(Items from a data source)
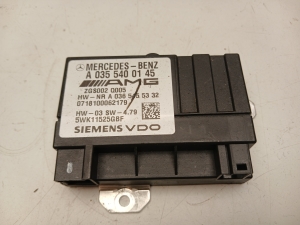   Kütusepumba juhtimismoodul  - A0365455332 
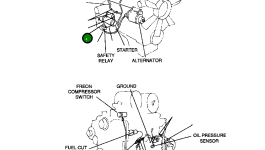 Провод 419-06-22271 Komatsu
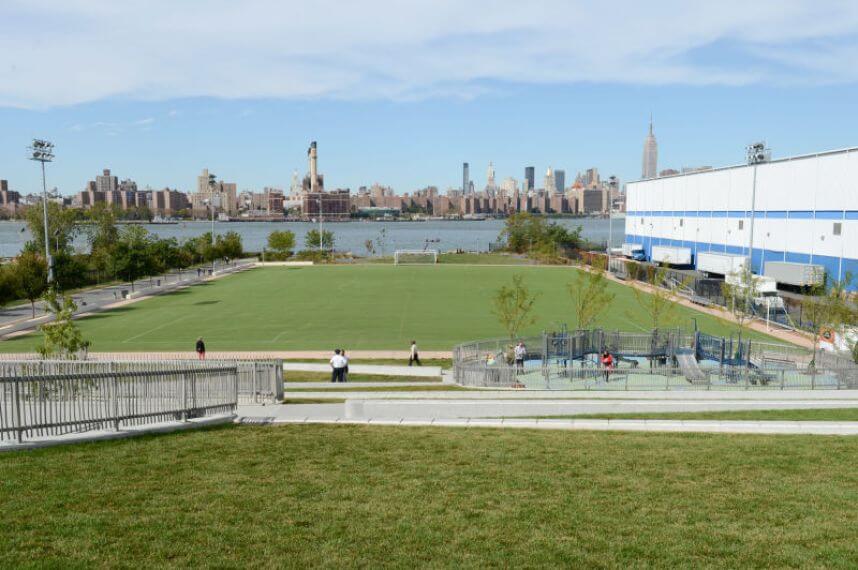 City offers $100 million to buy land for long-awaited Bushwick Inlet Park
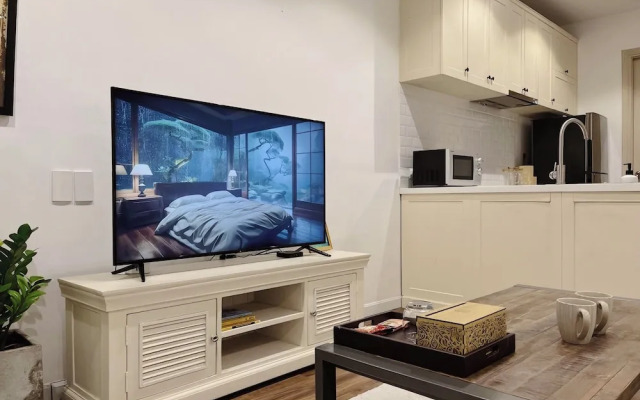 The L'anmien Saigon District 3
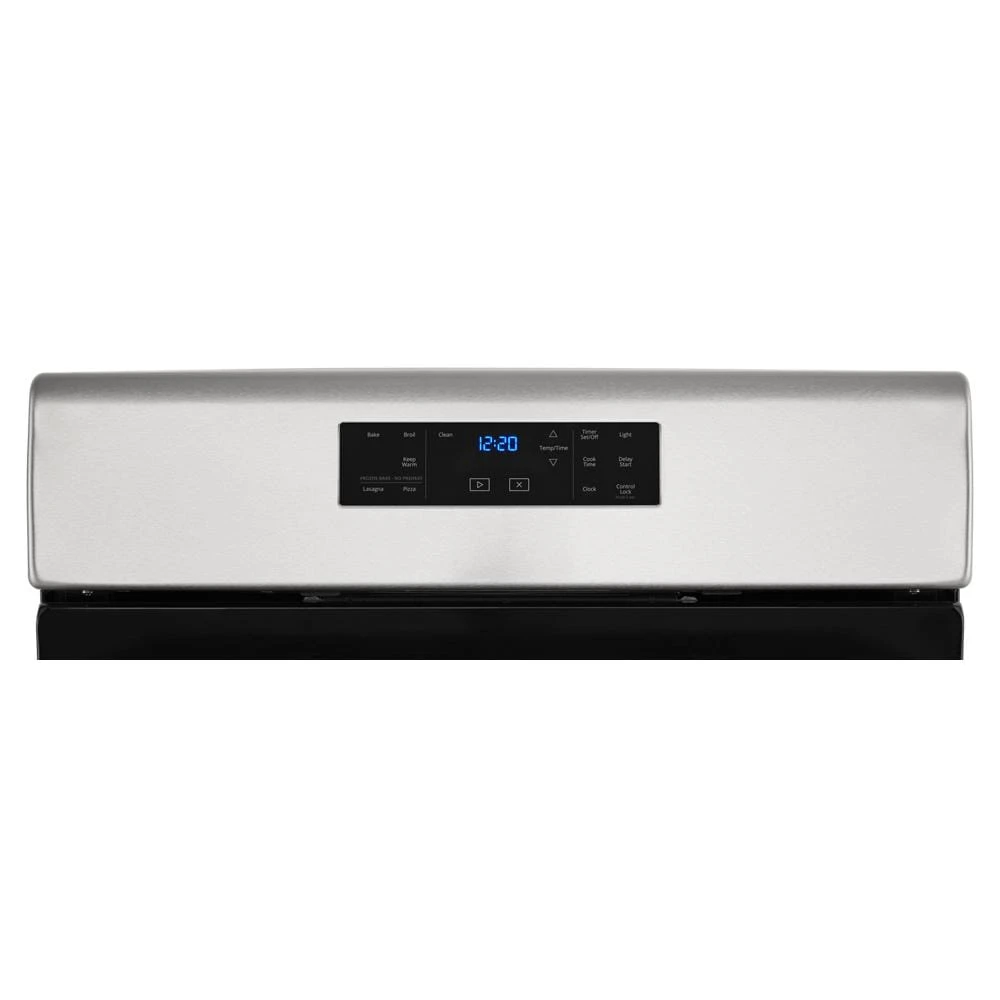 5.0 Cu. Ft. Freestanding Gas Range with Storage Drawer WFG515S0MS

Activity
Without including any picture, set down every line above exactly as it stands.

Output of the task
   Kütusepumba juhtimismoodul  - A0365455332 
 Провод 419-06-22271 Komatsu
 City offers $100 million to buy land for long-awaited Bushwick Inlet Park
 The L'anmien Saigon District 3
 5.0 Cu. Ft. Freestanding Gas Range with Storage Drawer WFG515S0MS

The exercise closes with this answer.